Department of Climate and Space Sciences and Engineering in the College of Engineering at the University of Michigan


Earthrise - 2008 - Image credit NASAFrom the Earth to the sun, the moon and beyond is where you'll go as a Climate & Space student. And you'll discover how it all works together. Climate & Space faculty are actively involved in a broad range of experimental and theoretical research areas:

  • determining an approach to setting post-Kyoto greenhouse emission standards
  • effects that magnetic storms have on the Earth, international space station and other planets

As a Climate & Space student, you'll be more than prepared to step into one of the many positions in the space and meteorology industries. In CLaSP, you're part of the only CoE department devoted to working in these and many other areas of atmospheric and space science and engineering.

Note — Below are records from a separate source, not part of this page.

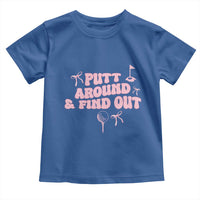 Funny Golf Gift For Women Toddler T Shirt Putt Around And Find Out - Wonder Print Shop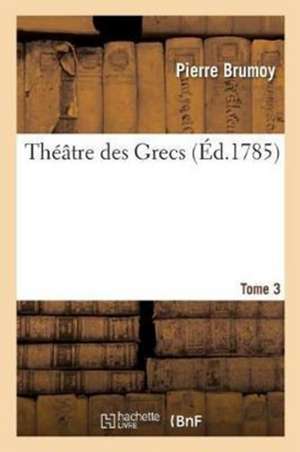 Théâtre Des Grecs. Tome 3 de Brumoy-P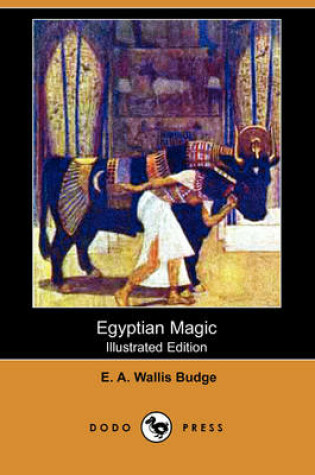 Cover of Egyptian Magic (Illustrated Edition) (Dodo Press)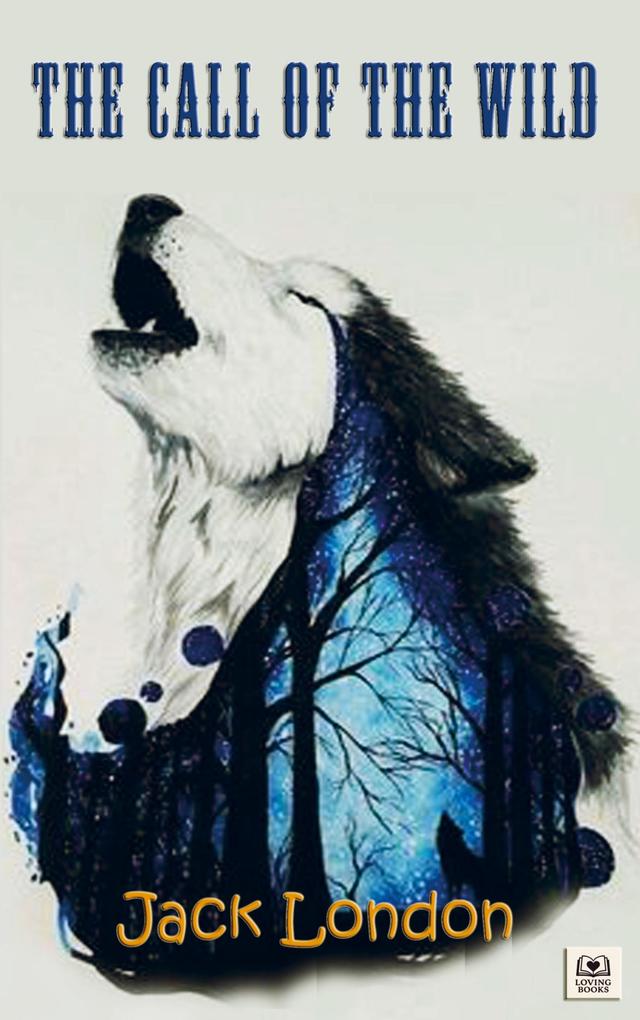 The Call of the Wild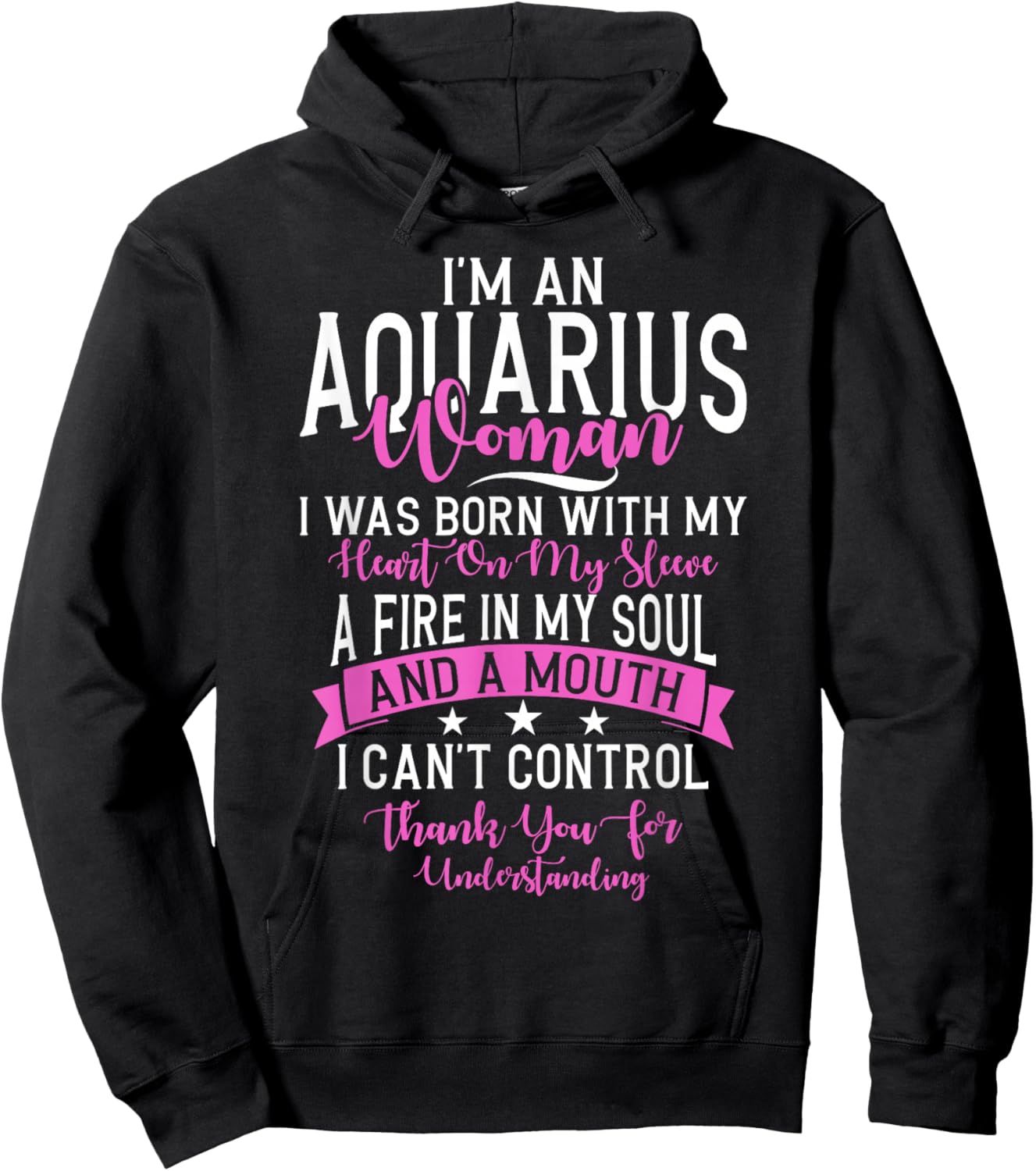 Im An Aquarius Woman I Was Born With My Heart On My Sleeve Hoodie - Hoodie | Black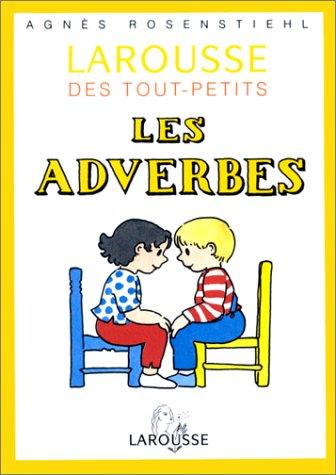 Les adverbes (Larousse des Tout-Pe)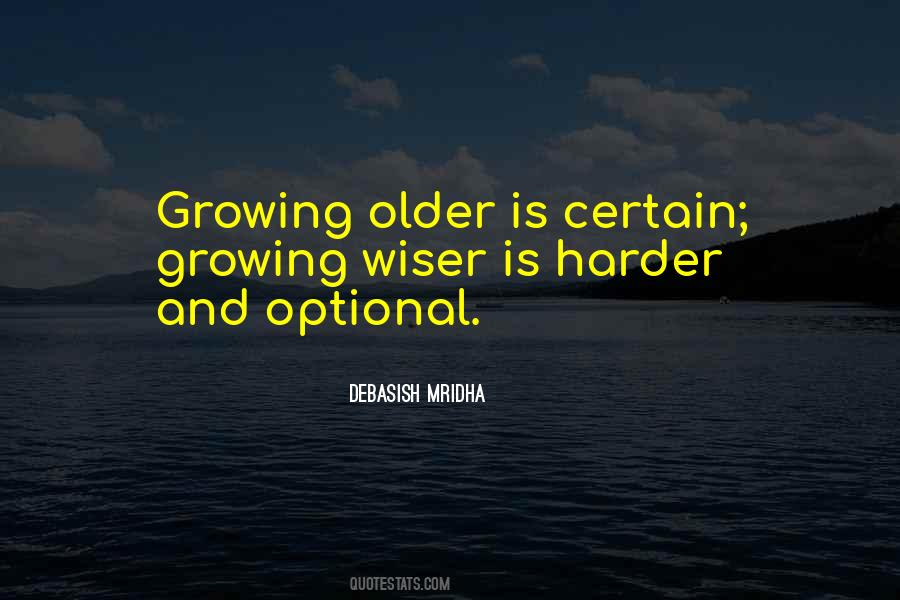 Quotes About Growing Older #1283387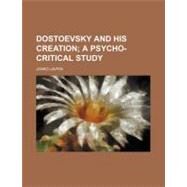 Dostoevsky and His Creation by Lavrin, Janko, 9781459067721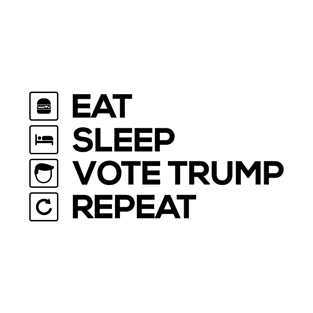 Eat Sleep Vote Trump Repeat T-Shirt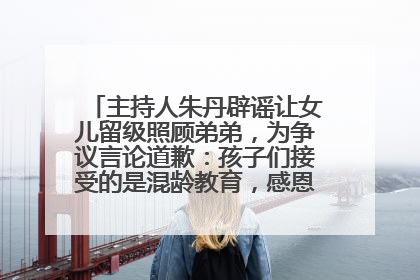 主持人朱丹辟谣让女儿留级照顾弟弟，为争议言论道歉：孩子们接受的是混龄教育，感恩每一条批评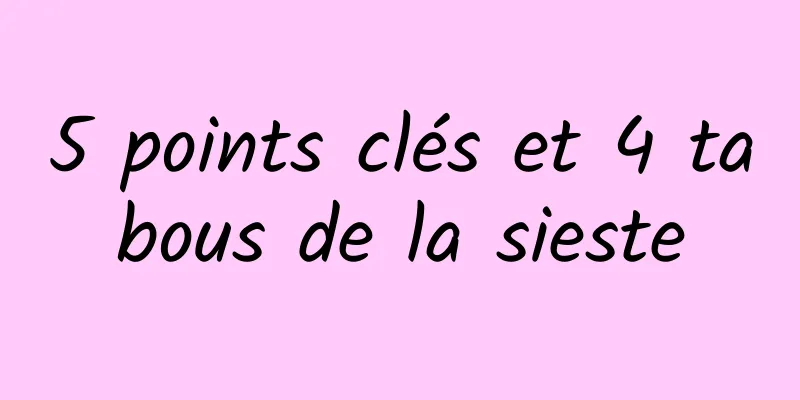 5 points clés et 4 tabous de la sieste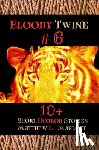 Marlott, Matthew L. - Bloody Twine #6: Twisted Tales with Twisted Endings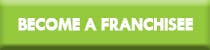 Become a franchisee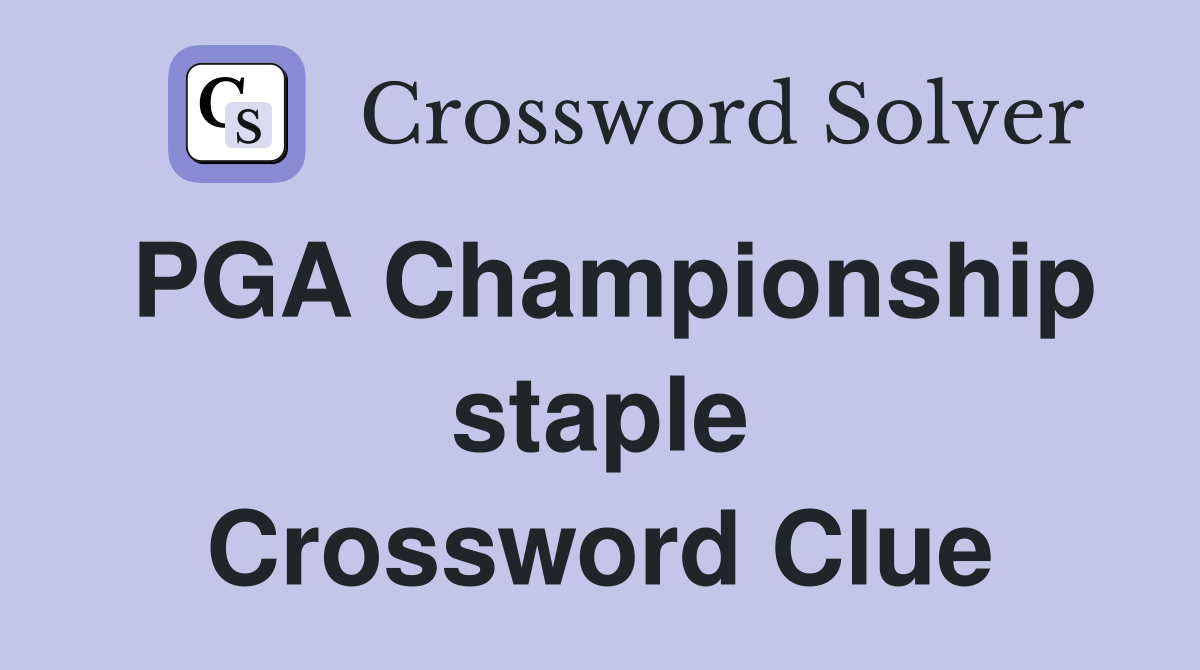 PGA Championship staple Crossword Clue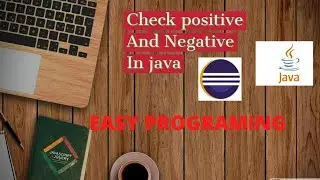 Check positive And NegativeNumber In java || JAVA PROGRAMING|| Easy Programing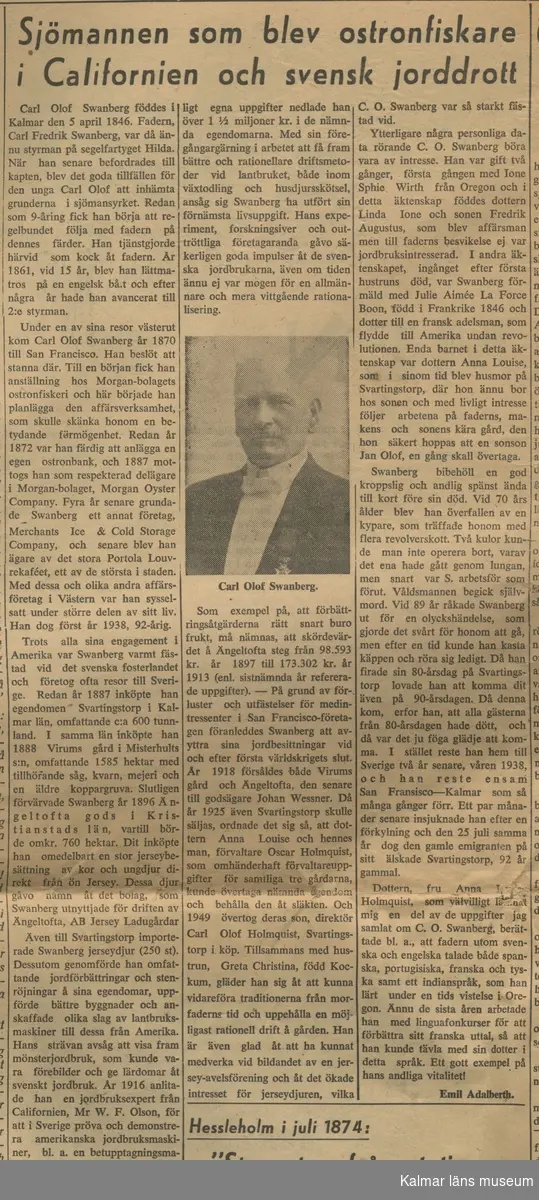 KLM45787:7:1-8  Arkivalier. :1 tidningsartikel om C O Svanberg i Kristianstadsbladet 19 juni 1954. :2 tidningsartikel på engelska i tidningen Keeler´s Hotel Weekly 7 oktober 1922. :3 biografiskt manuskript om C O Svanberg skrivet av dotterdottern Alva Holmquist-Nissen i februari 1963 med hjälp av skriftliga källor och modern Louisas minnen. : 4 ett par kopierade sidor ur okänd bok som handlar om C O Svanberg. : 5 vykort föreställande Hilda af Kalmar som C O Svanbergs far C F Svanberg var kapten för. Kortet är skickat till Fru Olle Holmquist 1979. :6 tidningsartikel om 91 åringen CO Svanberg. :7 nekrolog för Carl Olof Svanberg. :8 artikel ur Barometern 9/2 1981 om Skansen i Kalmar med kopplingar till Olle Holmquist, Svartingstorp och C O Svanberg.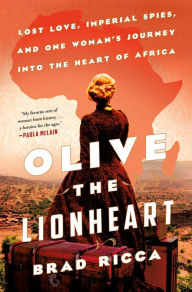 Title: Olive the Lionheart: Lost Love, Imperial Spies, and One Woman's Journey into the Heart of Africa, Author: Brad Ricca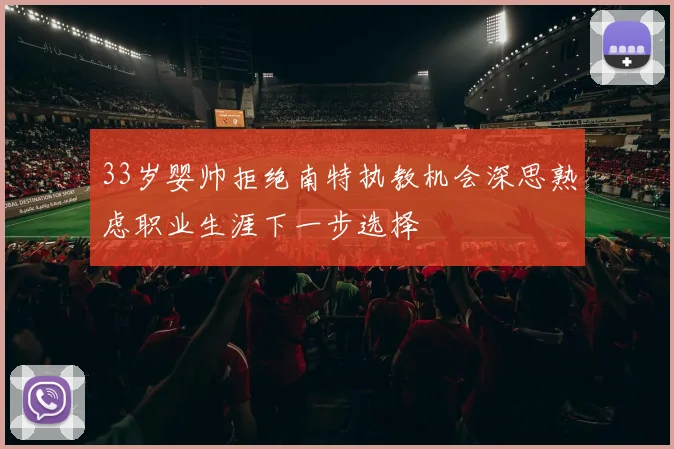 33岁婴帅拒绝南特执教机会深思熟虑职业生涯下一步选择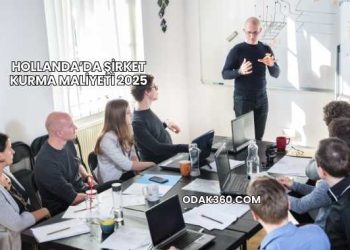 Hollanda’da Şirket Kurma Maliyeti 2025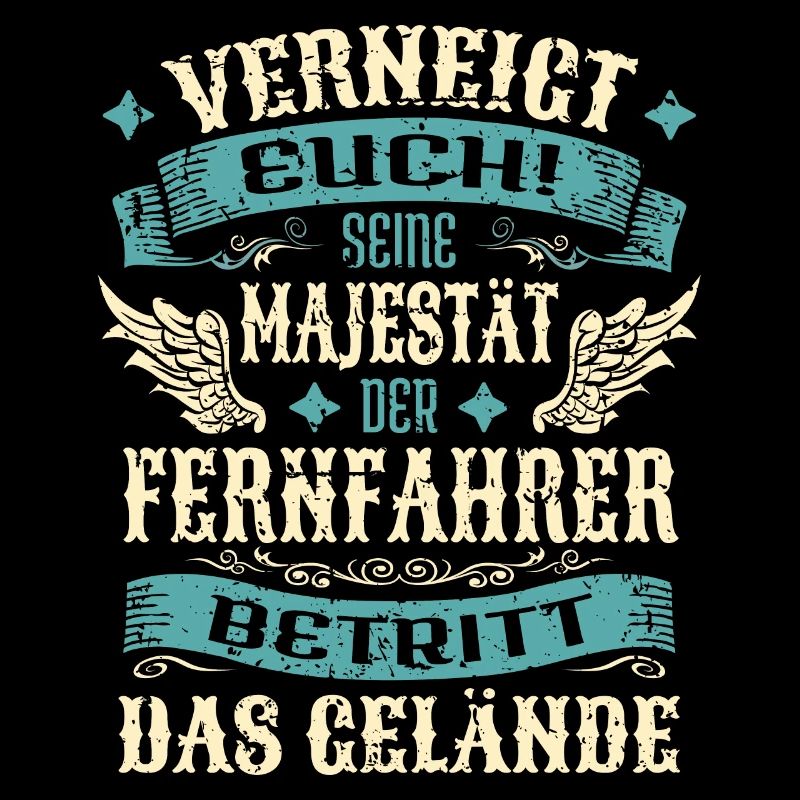 Fernfahrer Geschenk Lustige Sprüche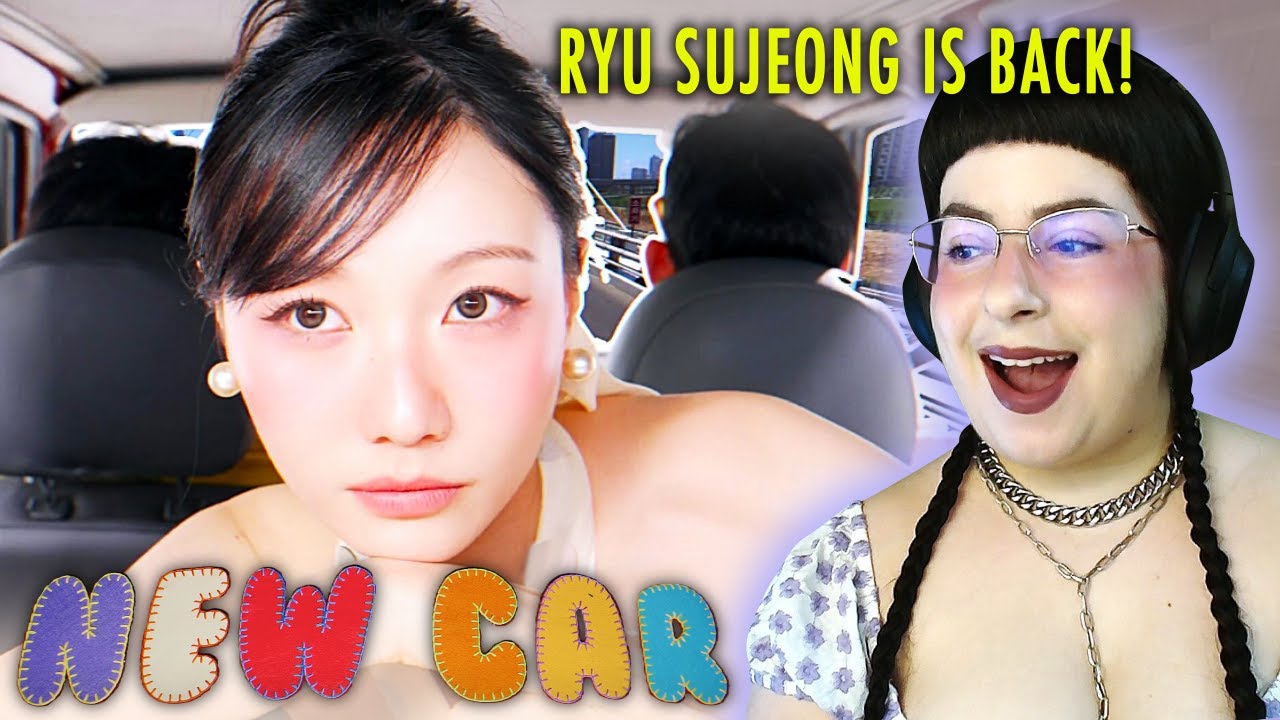 Ryu Sujeong (류수정) - NEW CAR MV Reaction! 🚗 She never misses! ✨ KPop fan reacts! 💖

The department of Climate and Space Sciences and Engineering, working with the Space Physics Research Laboratory, has the greatest number of research activities in space science and engineering of all U-M CoE departments. We have actively participated in the Nation's space program since its inception. From the V-2 rockets of the 40s through the CYGNSS and Mars missions today, Climate & Space faculty and students have contributed to a body of work that protects the Earth's environment and will protect humans on travels to Mars and beyond.

Climate & Space students join a team that designs and builds space hardware instruments and then analyzes the data ... all in-house. The Space Physics Research Laboratory’s instruments have been on more than 35 space flights since the late 1940s … with no failures. Couple this spectacular engineering record with the department's strong planetary science program with internationally recognized leaders, and it's understandable why Climate & Space has been a leader for nearly 70 years … and counting.